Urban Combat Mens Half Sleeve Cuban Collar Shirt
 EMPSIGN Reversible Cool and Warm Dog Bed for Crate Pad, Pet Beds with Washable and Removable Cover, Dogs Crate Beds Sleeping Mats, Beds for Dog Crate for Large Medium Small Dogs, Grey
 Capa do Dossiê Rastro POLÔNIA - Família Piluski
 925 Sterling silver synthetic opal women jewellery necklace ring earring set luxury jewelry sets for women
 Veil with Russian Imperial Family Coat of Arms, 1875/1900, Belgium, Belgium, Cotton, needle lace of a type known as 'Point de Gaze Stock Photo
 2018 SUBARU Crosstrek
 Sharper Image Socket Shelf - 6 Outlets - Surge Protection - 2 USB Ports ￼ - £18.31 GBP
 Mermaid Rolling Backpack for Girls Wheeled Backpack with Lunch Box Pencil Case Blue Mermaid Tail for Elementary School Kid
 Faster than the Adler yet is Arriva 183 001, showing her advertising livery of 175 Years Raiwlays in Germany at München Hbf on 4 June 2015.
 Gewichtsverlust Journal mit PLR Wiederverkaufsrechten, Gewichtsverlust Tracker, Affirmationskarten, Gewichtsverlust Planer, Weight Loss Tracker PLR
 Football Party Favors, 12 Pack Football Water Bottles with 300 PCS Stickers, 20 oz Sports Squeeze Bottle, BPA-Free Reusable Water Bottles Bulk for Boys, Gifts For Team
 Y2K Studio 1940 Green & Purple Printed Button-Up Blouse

YOUR TASK: Filter the entries down to the lines holding the string "with". Copy each of those lines.

PROBLEM SOLUTION:
 EMPSIGN Reversible Cool and Warm Dog Bed for Crate Pad, Pet Beds with Washable and Removable Cover, Dogs Crate Beds Sleeping Mats, Beds for Dog Crate for Large Medium Small Dogs, Grey
 Veil with Russian Imperial Family Coat of Arms, 1875/1900, Belgium, Belgium, Cotton, needle lace of a type known as 'Point de Gaze Stock Photo
 Mermaid Rolling Backpack for Girls Wheeled Backpack with Lunch Box Pencil Case Blue Mermaid Tail for Elementary School Kid
 Football Party Favors, 12 Pack Football Water Bottles with 300 PCS Stickers, 20 oz Sports Squeeze Bottle, BPA-Free Reusable Water Bottles Bulk for Boys, Gifts For Team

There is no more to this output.